_Data under study_.
+--
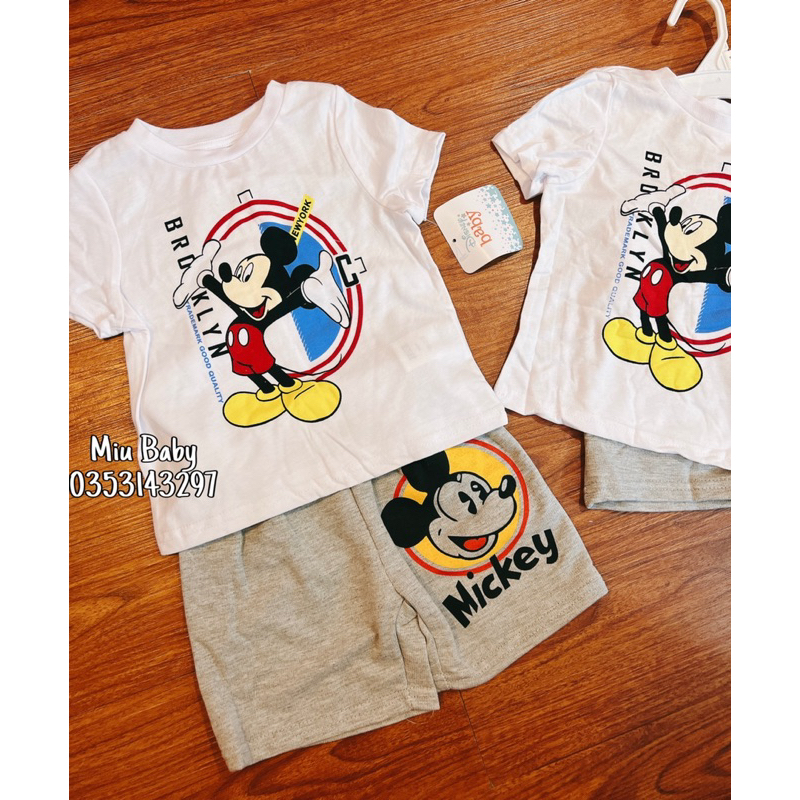 Set bộ Disney nguyên móc bé trai xuat du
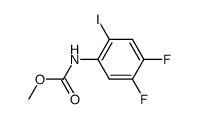 (4,5-difluoro-2-iodo-phenyl)-carbamic acid methyl ester Structure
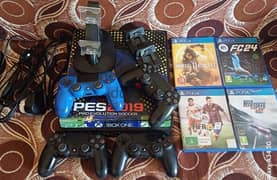 Ps4 fat ( 500gb ) with 4 controller and more in description 0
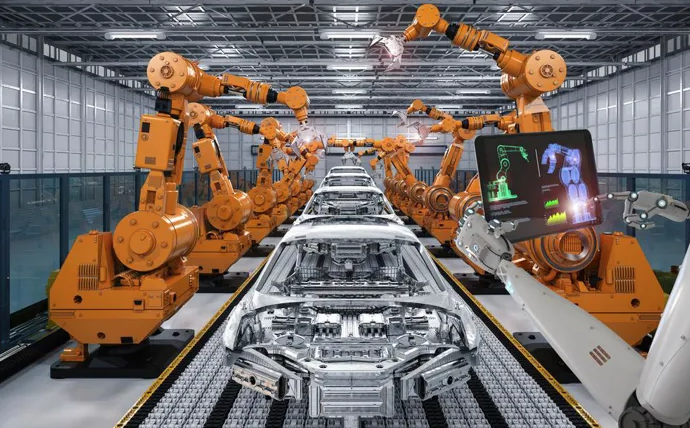 La automatización de la fabricación de automóviles tiene una gran demanda. Las empresas que cotizan en bolsa de robots industriales se reúnen para recoger pedidos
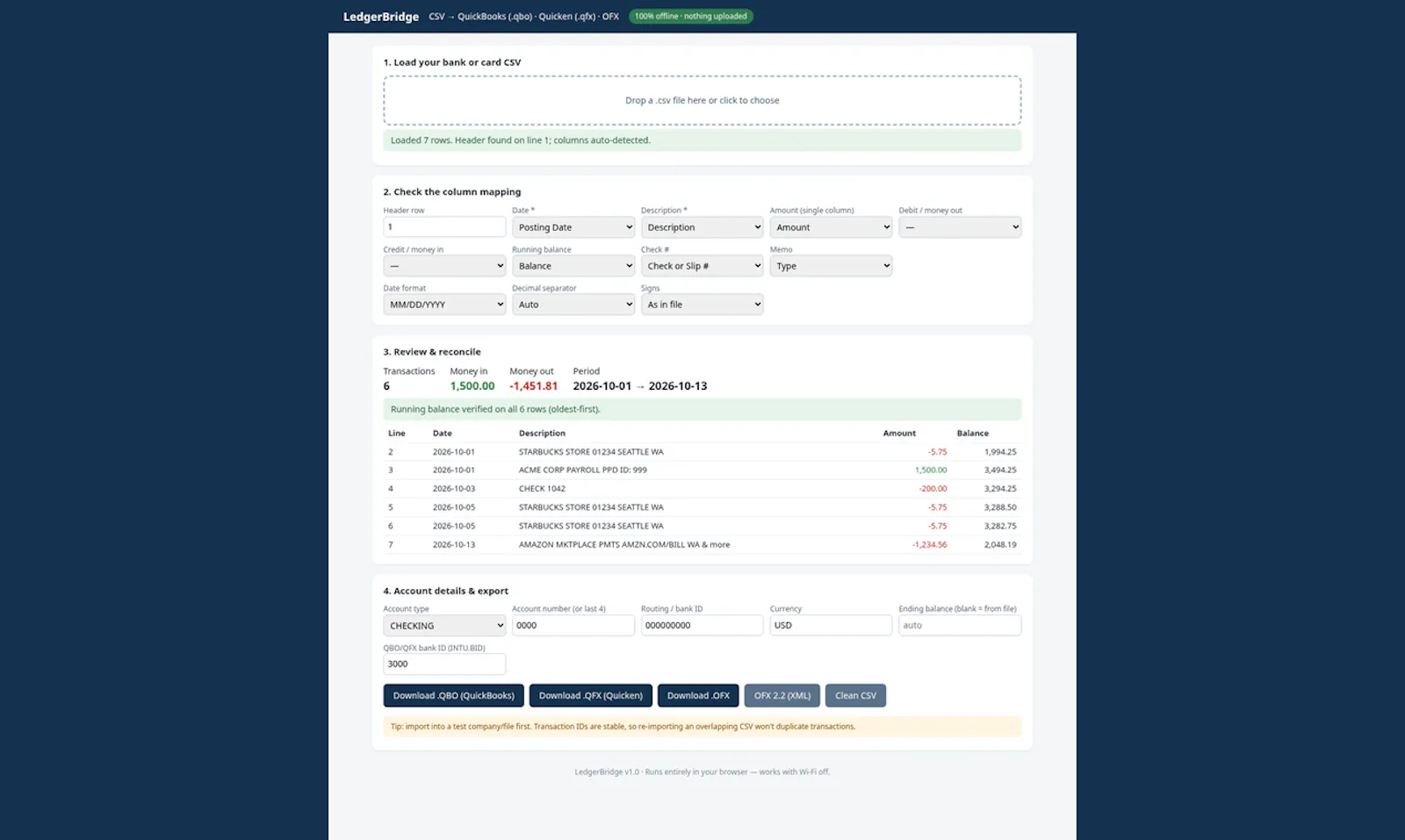 LedgerBridge screenshot 2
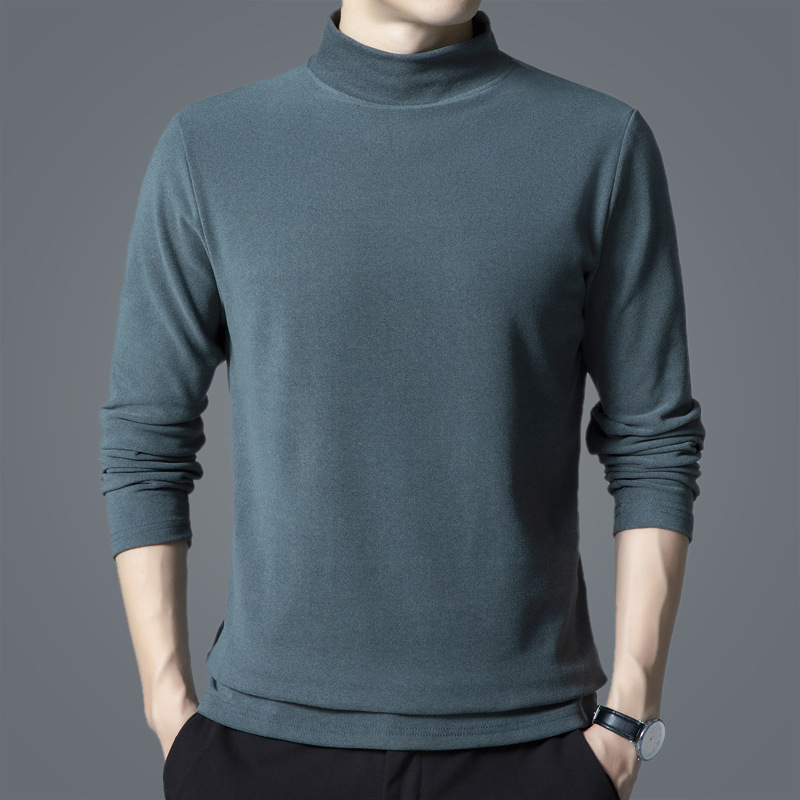 Alap hosszú ujjú felső — kerek nyak, egyenes szabás, poliészter, egyszínű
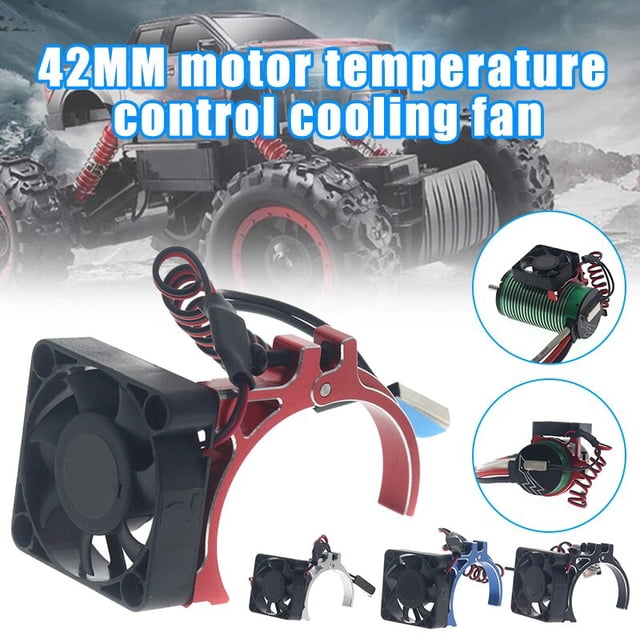 Heat Sink Motor Cooling Fan 42mm Temperature Control Switch for Car Vehicle AN88 heqiyong toy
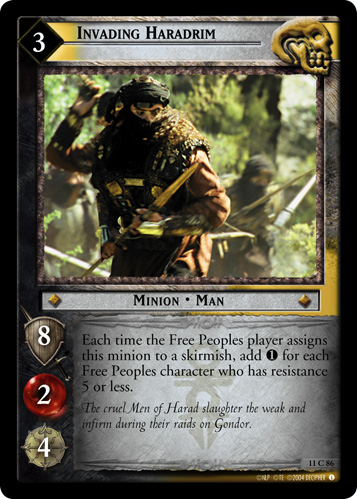 Invading Haradrim (11C86)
+--
_Your assignment_. Reproduce the data verbatim. Do not carry any picture into the copy.

_Response to the task_.
 Set bộ Disney nguyên móc bé trai xuat du
 (4,5-difluoro-2-iodo-phenyl)-carbamic acid methyl ester Structure
 Ps4 fat ( 500gb ) with 4 controller and more in description 0
 La automatización de la fabricación de automóviles tiene una gran demanda. Las empresas que cotizan en bolsa de robots industriales se reúnen para recoger pedidos
 LedgerBridge screenshot 2
 Alap hosszú ujjú felső — kerek nyak, egyenes szabás, poliészter, egyszínű
 Heat Sink Motor Cooling Fan 42mm Temperature Control Switch for Car Vehicle AN88 heqiyong toy
 Invading Haradrim (11C86)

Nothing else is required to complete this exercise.